### PROVIDED ENTRIES ###

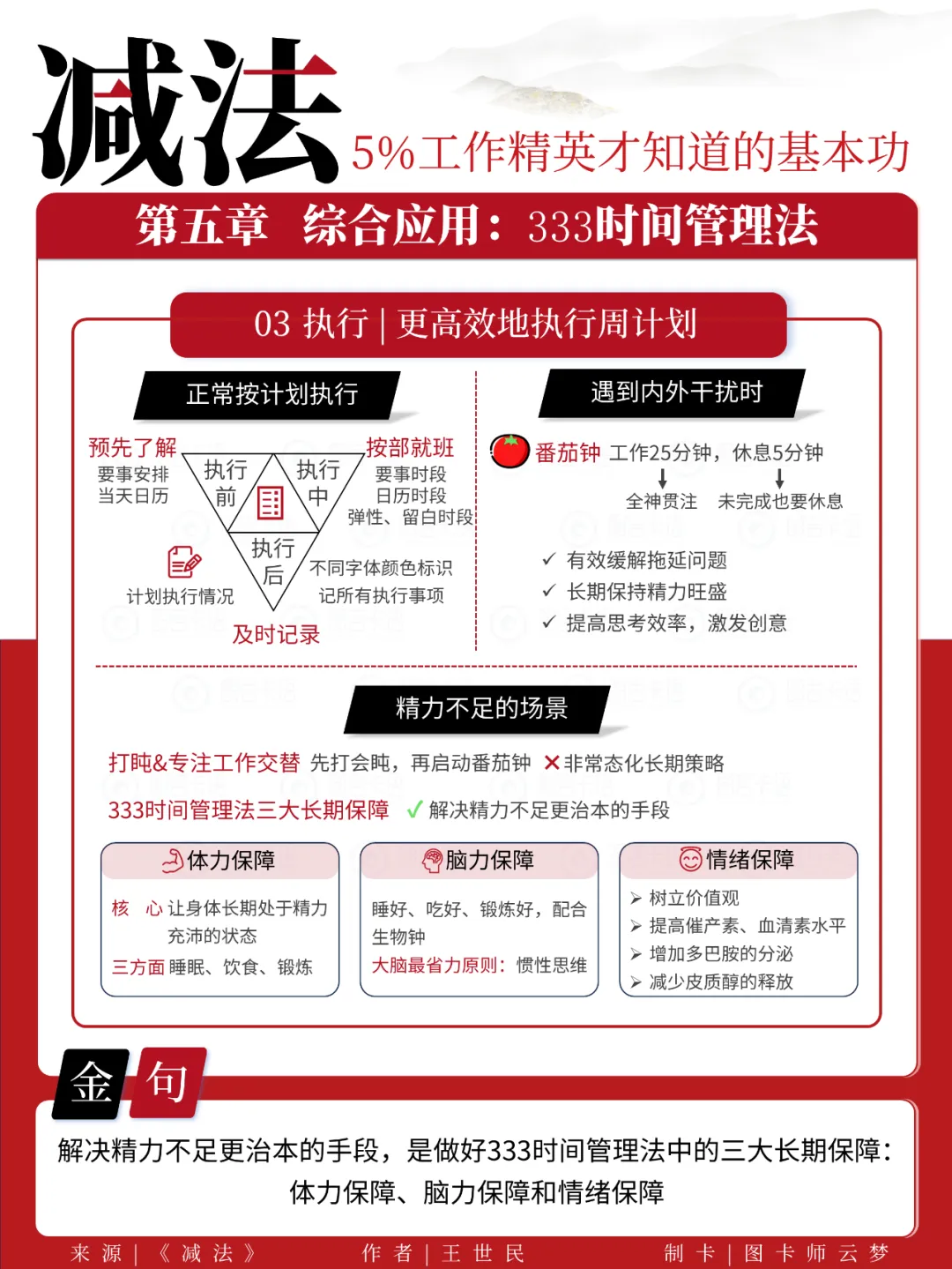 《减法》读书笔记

###
### PROVIDED ENTRIES ###

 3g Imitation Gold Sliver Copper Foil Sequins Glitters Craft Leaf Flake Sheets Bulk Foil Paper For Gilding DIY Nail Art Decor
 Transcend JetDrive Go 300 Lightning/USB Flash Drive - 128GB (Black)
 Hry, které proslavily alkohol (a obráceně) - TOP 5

###

» **WHAT YOU WILL DO**
From the records above, print only the lines between the one holding "3g Imitation Gold" and the one holding "Hry, které proslavily", inclusive, exactly as they stand.

» **ANSWER BELOW**
 3g Imitation Gold Sliver Copper Foil Sequins Glitters Craft Leaf Flake Sheets Bulk Foil Paper For Gilding DIY Nail Art Decor
 Transcend JetDrive Go 300 Lightning/USB Flash Drive - 128GB (Black)
 Hry, které proslavily alkohol (a obráceně) - TOP 5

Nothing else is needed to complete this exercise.